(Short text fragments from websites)
——————————
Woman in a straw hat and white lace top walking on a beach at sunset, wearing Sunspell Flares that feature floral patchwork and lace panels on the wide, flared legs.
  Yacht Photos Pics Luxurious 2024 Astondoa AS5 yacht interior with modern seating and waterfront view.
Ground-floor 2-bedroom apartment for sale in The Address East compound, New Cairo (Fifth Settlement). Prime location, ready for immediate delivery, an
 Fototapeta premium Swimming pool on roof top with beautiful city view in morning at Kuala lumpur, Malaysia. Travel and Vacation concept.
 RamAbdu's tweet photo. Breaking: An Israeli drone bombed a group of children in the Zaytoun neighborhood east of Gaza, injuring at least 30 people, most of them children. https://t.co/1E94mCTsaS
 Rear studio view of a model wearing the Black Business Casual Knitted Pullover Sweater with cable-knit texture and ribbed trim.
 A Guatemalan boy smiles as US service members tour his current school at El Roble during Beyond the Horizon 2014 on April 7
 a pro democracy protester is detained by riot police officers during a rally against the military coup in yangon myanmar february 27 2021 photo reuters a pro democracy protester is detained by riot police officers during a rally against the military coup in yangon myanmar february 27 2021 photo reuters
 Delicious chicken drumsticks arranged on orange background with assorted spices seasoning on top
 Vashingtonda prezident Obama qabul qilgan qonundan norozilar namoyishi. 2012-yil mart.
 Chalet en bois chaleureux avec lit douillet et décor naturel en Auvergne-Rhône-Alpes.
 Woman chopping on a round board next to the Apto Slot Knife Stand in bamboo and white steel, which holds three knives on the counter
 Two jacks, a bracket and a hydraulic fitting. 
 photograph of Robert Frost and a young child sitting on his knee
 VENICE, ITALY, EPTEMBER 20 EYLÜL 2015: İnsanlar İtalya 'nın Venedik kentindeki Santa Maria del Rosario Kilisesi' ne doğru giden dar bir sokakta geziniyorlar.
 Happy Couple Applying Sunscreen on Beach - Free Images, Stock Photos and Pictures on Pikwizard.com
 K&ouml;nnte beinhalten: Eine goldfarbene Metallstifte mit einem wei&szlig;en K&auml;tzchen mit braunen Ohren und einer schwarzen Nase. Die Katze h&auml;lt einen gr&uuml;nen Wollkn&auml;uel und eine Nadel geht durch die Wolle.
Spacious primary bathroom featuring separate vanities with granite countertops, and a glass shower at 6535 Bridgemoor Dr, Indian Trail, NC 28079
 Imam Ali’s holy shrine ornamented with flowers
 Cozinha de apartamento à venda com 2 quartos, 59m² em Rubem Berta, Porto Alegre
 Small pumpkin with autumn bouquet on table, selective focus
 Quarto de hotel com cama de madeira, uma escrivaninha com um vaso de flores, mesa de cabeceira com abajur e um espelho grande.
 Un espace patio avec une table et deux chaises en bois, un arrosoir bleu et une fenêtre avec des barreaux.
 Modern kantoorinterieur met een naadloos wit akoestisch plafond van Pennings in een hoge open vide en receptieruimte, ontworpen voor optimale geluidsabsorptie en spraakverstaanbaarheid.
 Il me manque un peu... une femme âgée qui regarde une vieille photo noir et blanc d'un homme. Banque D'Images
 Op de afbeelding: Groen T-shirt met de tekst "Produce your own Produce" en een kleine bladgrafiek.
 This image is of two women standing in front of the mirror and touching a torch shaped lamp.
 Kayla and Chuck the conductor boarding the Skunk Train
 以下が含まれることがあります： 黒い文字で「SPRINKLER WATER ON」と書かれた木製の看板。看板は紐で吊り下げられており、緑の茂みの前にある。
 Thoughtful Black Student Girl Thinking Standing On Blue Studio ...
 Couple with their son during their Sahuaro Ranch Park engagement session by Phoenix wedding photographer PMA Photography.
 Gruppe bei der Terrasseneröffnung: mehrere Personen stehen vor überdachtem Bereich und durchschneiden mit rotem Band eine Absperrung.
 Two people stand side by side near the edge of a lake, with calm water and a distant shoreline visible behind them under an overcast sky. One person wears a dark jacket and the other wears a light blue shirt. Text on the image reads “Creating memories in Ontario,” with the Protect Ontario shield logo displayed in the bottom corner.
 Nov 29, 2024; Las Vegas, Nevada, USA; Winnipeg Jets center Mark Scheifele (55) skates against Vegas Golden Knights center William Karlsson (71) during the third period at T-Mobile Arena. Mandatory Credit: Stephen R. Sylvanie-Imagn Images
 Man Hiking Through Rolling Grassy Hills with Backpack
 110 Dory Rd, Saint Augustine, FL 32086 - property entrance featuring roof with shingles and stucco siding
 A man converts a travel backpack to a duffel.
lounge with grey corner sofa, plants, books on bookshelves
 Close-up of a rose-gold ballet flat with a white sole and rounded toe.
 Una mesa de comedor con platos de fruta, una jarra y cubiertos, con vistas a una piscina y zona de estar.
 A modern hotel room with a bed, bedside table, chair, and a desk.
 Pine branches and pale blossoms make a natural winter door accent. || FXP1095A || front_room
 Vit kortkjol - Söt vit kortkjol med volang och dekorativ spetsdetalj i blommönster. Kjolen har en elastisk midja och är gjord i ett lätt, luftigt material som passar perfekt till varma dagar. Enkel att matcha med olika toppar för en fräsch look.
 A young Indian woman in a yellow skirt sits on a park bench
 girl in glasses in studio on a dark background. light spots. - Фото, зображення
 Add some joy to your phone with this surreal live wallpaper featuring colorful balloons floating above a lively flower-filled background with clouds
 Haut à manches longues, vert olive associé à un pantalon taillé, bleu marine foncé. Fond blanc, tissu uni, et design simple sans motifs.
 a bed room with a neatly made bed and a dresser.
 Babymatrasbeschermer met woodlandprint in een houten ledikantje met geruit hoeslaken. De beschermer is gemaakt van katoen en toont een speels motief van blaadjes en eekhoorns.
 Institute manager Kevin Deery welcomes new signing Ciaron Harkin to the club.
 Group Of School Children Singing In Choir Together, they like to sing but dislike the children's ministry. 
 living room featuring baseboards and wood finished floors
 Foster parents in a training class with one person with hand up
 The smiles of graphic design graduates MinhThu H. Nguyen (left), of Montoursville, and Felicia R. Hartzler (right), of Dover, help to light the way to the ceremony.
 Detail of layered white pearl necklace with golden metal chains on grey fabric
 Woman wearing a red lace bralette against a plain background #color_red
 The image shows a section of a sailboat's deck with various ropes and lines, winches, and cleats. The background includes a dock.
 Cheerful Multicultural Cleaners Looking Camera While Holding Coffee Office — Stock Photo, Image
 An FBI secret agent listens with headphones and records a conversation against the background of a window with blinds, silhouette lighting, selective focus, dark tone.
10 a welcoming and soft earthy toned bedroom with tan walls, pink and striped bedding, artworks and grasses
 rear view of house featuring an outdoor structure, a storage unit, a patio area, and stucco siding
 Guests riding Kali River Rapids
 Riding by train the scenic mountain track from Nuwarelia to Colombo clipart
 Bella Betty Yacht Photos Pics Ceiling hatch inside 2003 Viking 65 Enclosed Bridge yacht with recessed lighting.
——————————
Stop at the line containing "A Guatemalan boy". Please print exactly every line before it from the start of the records, plus that line itself, and nothing else.

_Answer space_.
Woman in a straw hat and white lace top walking on a beach at sunset, wearing Sunspell Flares that feature floral patchwork and lace panels on the wide, flared legs.
  Yacht Photos Pics Luxurious 2024 Astondoa AS5 yacht interior with modern seating and waterfront view.
Ground-floor 2-bedroom apartment for sale in The Address East compound, New Cairo (Fifth Settlement). Prime location, ready for immediate delivery, an
 Fototapeta premium Swimming pool on roof top with beautiful city view in morning at Kuala lumpur, Malaysia. Travel and Vacation concept.
 RamAbdu's tweet photo. Breaking: An Israeli drone bombed a group of children in the Zaytoun neighborhood east of Gaza, injuring at least 30 people, most of them children. https://t.co/1E94mCTsaS
 Rear studio view of a model wearing the Black Business Casual Knitted Pullover Sweater with cable-knit texture and ribbed trim.
 A Guatemalan boy smiles as US service members tour his current school at El Roble during Beyond the Horizon 2014 on April 7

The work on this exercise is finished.